Crucially as the tree is reduced, the validity of the tree must be enforced. A tree is deemed invalid if:
- A decision has all options removed from it
In this case the process will abort this iteration and back-track.
If a decision is left with only one option after reduction, the tree is still valid. The tree can also be simplified by way of hoisting the atomic constraints to the parent constraint, and removing the then empty decision. This process of simplification further reduces the size and complexity of the tree.
This is an alpha feature. Please do not rely on it. If you find issues with it, please report them.
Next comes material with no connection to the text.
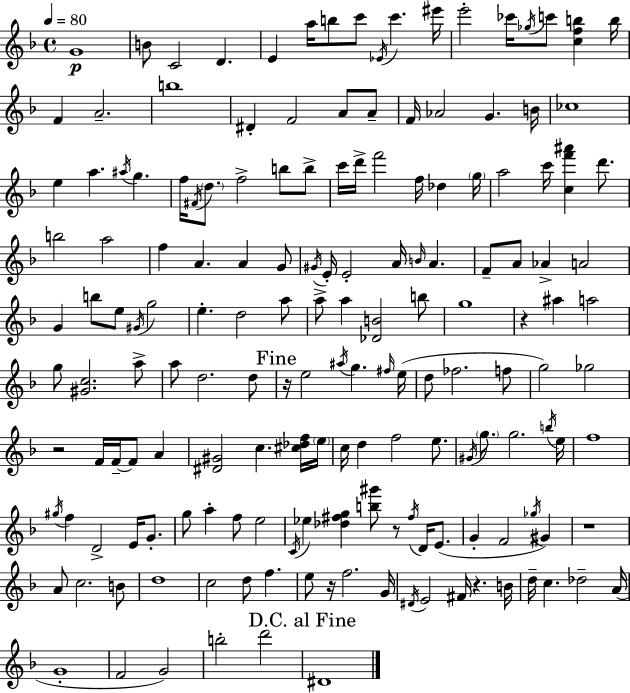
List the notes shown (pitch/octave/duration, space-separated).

G4/w B4/e C4/h D4/q. E4/q A5/s B5/e C6/e Eb4/s C6/q. EIS6/s E6/h CES6/s Gb5/s C6/e [C5,F5,B5]/q B5/s F4/q A4/h. B5/w D#4/q F4/h A4/e A4/e F4/s Ab4/h G4/q. B4/s CES5/w E5/q A5/q. A#5/s G5/q. F5/s F#4/s D5/e. F5/h B5/e B5/e C6/s D6/s F6/h F5/s Db5/q G5/s A5/h C6/s [C5,F6,A#6]/q D6/e. B5/h A5/h F5/q A4/q. A4/q G4/e G#4/s E4/s E4/h A4/s B4/s A4/q. F4/e A4/e Ab4/q A4/h G4/q B5/e E5/e G#4/s G5/h E5/q. D5/h A5/e A5/e A5/q [Db4,B4]/h B5/e G5/w R/q A#5/q A5/h G5/e [G#4,C5]/h. A5/e A5/e D5/h. D5/e R/s E5/h A#5/s G5/q. F#5/s E5/s D5/e FES5/h. F5/e G5/h Gb5/h R/h F4/s F4/s F4/e A4/q [D#4,G#4]/h C5/q. [C#5,Db5,F5]/s E5/s C5/s D5/q F5/h E5/e. G#4/s G5/e. G5/h. B5/s E5/s F5/w G#5/s F5/q D4/h E4/s G4/e. G5/e A5/q F5/e E5/h C4/s Eb5/q [Db5,F#5,G5]/q [B5,G#6]/e R/e F#5/s D4/s E4/e. G4/q F4/h Gb5/s G#4/q R/w A4/e C5/h. B4/e D5/w C5/h D5/e F5/q. E5/e R/s F5/h. G4/s D#4/s E4/h F#4/s R/q. B4/s D5/s C5/q. Db5/h A4/s G4/w F4/h G4/h B5/h D6/h D#4/w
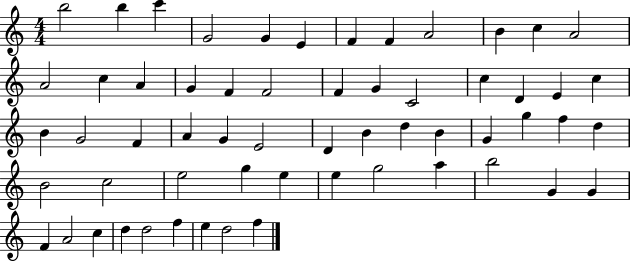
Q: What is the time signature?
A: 4/4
The process supports visualisation of each tree as its reduced through this process, a tree can be emitted to disk as the visualise method would. An edition of the tree is serialised whenever it is confirmed to still be valid and has been reduced further as such you do NOT see a tree for the last field, as its never fixed.
The trees are emitted to a directory, which must be created manually, under the working directory called reductive-walker. Within this directory files will be emitted with the the name Reduced-tree-nnn.gv where nnn is the iteration number.
To turn this mode on, use the ReductiveIterationVisualiser in the ReductiveDecisionTreeWalker, it can be changed in the RuntimeDecisionTreeWalkerFactory.